> _About this exercise_: Please quote exactly the opening lines of the data, from the first line to the one where "burgundy flowers of" appears.

> _Dataset records_:
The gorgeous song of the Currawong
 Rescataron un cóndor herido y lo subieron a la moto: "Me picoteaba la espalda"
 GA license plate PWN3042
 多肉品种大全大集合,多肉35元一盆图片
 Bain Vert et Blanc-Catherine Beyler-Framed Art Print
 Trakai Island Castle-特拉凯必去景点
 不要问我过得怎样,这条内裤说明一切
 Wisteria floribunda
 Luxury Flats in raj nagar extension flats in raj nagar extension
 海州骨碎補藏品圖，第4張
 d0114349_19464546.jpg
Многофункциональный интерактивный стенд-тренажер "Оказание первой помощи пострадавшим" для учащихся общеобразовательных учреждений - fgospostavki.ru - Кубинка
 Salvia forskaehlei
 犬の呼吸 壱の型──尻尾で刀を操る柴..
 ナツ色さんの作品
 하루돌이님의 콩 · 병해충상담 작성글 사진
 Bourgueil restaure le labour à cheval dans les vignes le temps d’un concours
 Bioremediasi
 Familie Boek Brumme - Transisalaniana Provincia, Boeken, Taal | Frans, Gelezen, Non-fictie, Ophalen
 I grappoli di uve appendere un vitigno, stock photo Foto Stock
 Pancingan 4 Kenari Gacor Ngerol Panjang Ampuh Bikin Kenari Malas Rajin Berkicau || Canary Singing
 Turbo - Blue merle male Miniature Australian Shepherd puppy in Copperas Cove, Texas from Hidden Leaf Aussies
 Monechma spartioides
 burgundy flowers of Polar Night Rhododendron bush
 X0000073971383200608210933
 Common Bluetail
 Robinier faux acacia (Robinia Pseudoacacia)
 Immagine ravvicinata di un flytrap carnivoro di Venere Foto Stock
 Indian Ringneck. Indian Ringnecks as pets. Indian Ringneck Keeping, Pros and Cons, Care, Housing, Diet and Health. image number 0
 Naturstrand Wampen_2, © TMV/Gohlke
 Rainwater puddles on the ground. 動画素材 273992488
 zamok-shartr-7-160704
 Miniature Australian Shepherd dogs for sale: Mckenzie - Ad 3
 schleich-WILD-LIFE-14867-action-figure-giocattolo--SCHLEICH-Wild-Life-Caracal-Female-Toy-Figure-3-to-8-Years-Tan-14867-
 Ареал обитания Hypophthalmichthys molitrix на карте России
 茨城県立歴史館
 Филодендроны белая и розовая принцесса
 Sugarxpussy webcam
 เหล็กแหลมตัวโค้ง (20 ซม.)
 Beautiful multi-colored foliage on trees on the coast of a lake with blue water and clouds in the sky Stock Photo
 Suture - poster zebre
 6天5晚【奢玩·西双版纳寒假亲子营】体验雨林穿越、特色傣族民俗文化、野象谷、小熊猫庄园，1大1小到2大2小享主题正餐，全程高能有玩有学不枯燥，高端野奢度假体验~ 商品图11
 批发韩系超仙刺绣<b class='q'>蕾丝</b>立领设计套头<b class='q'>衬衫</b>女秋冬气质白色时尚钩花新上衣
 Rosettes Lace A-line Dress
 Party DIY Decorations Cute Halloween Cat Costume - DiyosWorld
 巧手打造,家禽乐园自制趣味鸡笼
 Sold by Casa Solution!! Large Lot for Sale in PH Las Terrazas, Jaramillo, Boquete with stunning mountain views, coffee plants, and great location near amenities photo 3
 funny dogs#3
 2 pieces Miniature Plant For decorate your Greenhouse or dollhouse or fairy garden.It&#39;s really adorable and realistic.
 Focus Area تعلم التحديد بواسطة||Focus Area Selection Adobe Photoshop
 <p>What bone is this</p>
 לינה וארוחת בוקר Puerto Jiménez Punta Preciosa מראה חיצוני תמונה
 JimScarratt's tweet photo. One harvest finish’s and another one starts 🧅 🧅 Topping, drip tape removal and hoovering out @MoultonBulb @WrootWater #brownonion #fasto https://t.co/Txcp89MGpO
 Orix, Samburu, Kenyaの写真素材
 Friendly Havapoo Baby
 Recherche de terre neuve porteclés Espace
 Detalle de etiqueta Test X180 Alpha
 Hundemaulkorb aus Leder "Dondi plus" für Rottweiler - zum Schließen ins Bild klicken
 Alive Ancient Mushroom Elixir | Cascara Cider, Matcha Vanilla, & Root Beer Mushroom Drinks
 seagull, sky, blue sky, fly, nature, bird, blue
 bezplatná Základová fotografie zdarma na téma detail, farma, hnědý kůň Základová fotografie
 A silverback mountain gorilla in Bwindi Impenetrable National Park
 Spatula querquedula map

> _Solution_:
The gorgeous song of the Currawong
 Rescataron un cóndor herido y lo subieron a la moto: "Me picoteaba la espalda"
 GA license plate PWN3042
 多肉品种大全大集合,多肉35元一盆图片
 Bain Vert et Blanc-Catherine Beyler-Framed Art Print
 Trakai Island Castle-特拉凯必去景点
 不要问我过得怎样,这条内裤说明一切
 Wisteria floribunda
 Luxury Flats in raj nagar extension flats in raj nagar extension
 海州骨碎補藏品圖，第4張
 d0114349_19464546.jpg
Многофункциональный интерактивный стенд-тренажер "Оказание первой помощи пострадавшим" для учащихся общеобразовательных учреждений - fgospostavki.ru - Кубинка
 Salvia forskaehlei
 犬の呼吸 壱の型──尻尾で刀を操る柴..
 ナツ色さんの作品
 하루돌이님의 콩 · 병해충상담 작성글 사진
 Bourgueil restaure le labour à cheval dans les vignes le temps d’un concours
 Bioremediasi
 Familie Boek Brumme - Transisalaniana Provincia, Boeken, Taal | Frans, Gelezen, Non-fictie, Ophalen
 I grappoli di uve appendere un vitigno, stock photo Foto Stock
 Pancingan 4 Kenari Gacor Ngerol Panjang Ampuh Bikin Kenari Malas Rajin Berkicau || Canary Singing
 Turbo - Blue merle male Miniature Australian Shepherd puppy in Copperas Cove, Texas from Hidden Leaf Aussies
 Monechma spartioides
 burgundy flowers of Polar Night Rhododendron bush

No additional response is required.